# Puppy is constipated



## rellek (Jun 12, 2013)

Poor Ludo is having problems pooping today  He went to the vet yesterday and got his last round of vaccines (including rabies). Yesterday he was having diarrhea, and today he is constipated. I bought canned unseasoned pumpkin and gave him some, hoping that will sort him out. He tries several times to poo, and sometimes a little will come out but it is really mushy and then gets stuck all over his bum. I just had to give him a bath to clean him. Is this normal after getting vaccines? He hasn't eaten anything different (that I know of). He has never had a problem with pooing before.


----------



## Marzi (Sep 17, 2012)

If he had diarrhea yesterday he could have completely emptied himself out. Also did he have wormer medicine too?

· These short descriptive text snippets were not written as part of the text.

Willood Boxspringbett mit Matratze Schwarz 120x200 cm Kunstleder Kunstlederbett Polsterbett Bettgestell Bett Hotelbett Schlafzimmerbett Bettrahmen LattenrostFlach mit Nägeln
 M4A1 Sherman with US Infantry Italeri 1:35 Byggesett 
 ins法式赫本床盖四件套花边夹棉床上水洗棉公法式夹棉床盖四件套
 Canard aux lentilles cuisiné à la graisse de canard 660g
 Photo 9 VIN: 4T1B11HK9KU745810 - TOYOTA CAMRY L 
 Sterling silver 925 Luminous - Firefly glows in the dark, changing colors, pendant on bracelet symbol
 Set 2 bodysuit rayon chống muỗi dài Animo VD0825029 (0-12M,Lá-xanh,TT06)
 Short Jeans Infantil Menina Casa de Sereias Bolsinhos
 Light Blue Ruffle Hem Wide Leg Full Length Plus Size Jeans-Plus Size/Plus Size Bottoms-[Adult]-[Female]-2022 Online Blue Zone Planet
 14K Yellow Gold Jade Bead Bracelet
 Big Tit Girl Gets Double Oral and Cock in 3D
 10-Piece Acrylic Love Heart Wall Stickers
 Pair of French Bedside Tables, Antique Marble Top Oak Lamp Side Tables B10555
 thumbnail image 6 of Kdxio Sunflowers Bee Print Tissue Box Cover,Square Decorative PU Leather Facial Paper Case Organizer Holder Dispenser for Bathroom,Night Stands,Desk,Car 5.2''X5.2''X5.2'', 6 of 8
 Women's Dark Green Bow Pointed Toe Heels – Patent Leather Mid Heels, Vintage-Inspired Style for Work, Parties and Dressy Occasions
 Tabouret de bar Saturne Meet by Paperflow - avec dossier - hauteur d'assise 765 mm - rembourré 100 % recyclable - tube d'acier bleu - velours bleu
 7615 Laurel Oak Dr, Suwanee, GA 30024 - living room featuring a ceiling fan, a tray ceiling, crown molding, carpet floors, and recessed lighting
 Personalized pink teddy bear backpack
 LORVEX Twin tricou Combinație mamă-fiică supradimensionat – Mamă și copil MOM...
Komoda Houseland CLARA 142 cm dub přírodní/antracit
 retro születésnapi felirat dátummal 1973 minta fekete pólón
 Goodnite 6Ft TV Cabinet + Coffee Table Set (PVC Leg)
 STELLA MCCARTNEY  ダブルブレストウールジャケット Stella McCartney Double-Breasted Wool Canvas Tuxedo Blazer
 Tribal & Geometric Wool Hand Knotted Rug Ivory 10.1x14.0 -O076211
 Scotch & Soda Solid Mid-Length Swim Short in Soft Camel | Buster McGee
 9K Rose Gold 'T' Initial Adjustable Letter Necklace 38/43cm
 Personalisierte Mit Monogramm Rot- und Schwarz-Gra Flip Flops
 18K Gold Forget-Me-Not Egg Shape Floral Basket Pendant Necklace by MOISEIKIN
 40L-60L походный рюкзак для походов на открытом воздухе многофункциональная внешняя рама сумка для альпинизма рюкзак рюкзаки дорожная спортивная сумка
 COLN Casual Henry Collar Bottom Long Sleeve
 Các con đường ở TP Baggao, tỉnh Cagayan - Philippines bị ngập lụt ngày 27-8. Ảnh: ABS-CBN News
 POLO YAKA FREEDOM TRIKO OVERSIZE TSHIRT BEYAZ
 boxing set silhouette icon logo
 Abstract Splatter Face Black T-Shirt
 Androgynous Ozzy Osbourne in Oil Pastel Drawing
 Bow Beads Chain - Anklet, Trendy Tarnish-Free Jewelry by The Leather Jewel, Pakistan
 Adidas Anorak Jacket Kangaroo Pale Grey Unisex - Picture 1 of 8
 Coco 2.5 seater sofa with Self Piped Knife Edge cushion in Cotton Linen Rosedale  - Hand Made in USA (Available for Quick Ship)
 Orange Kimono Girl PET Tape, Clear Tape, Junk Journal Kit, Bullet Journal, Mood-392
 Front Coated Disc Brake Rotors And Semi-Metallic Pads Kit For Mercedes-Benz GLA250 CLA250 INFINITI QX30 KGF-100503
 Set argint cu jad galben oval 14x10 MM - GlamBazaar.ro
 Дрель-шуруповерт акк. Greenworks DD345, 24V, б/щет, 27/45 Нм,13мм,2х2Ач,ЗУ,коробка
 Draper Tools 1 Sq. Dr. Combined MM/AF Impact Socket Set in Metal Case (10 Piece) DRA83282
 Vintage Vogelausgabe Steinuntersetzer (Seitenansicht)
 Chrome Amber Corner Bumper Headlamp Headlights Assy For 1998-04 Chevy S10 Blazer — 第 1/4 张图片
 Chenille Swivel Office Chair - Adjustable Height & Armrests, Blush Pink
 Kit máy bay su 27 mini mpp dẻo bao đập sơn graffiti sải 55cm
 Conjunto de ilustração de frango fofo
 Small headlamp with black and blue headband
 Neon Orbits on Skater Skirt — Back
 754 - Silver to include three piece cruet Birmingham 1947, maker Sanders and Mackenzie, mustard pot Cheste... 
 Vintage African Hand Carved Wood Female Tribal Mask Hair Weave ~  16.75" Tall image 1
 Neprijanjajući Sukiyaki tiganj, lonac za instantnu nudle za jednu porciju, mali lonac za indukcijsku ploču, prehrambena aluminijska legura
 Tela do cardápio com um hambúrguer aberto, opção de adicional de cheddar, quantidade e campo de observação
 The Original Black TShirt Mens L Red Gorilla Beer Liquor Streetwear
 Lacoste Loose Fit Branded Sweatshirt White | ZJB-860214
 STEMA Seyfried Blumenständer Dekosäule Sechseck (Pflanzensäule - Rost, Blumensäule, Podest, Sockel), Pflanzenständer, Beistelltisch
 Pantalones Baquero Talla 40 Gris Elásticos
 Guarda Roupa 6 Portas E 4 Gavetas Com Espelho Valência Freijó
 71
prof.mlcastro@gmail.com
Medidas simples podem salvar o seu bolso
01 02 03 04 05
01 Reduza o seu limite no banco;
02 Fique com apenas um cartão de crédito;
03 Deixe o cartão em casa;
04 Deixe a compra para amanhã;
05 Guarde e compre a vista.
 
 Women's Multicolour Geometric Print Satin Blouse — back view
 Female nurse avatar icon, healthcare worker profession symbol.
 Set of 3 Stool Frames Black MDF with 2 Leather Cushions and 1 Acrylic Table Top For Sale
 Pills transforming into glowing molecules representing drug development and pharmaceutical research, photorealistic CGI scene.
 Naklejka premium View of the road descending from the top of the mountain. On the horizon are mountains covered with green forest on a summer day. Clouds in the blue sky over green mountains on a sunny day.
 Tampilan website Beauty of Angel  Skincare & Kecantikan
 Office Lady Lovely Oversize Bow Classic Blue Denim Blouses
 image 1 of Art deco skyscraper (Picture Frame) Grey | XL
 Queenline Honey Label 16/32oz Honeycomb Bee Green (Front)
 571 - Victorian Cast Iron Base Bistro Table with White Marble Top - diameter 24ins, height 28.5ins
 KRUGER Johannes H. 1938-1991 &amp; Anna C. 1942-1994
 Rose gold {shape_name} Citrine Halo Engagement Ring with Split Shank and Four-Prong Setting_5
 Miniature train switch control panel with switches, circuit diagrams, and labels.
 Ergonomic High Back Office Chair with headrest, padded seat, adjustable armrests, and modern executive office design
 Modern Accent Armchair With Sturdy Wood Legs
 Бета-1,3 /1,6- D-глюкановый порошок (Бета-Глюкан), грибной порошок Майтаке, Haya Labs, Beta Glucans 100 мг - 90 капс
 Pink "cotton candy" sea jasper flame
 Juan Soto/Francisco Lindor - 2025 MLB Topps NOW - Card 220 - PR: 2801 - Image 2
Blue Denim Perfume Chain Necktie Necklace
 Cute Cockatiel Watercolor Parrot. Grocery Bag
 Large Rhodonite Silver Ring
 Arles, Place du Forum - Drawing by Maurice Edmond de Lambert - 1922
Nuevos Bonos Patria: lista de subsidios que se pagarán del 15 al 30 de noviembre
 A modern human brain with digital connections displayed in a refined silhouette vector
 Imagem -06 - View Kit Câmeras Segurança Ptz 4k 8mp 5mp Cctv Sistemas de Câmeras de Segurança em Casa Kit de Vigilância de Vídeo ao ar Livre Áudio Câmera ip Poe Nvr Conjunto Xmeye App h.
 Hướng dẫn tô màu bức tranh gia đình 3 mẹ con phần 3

It is not unusual for that to upset their tummies too. If he is eating normally I wouldn't worry too much, normal throughput should reestablish itself soon.


----------



## Tinman (Apr 23, 2013)

He's not likely to have swallowed anything is he? Like a small child's sock?? (Ralph has done this twice!!) or any other object?
I hope he's feeling better soon, as long as he drinks plenty of water too


----------



## AliAlfie (Jul 29, 2013)

The worming treatment upset our boys tummies for a short while after (they even had a little blood in their poops too.) It didn't last long thankfully. Definitely keeping an eye on it, and if it goes on for more than a couple of days I would advise you get him checked at the vets....just to be on the safe side. x


----------



## rellek (Jun 12, 2013)

Tinman - there is nothing he would have swallowed (that I am aware of). I keep a pretty close eye on him and he doesn't go after objects too much, mostly just plants in our backyard. But it is possible!!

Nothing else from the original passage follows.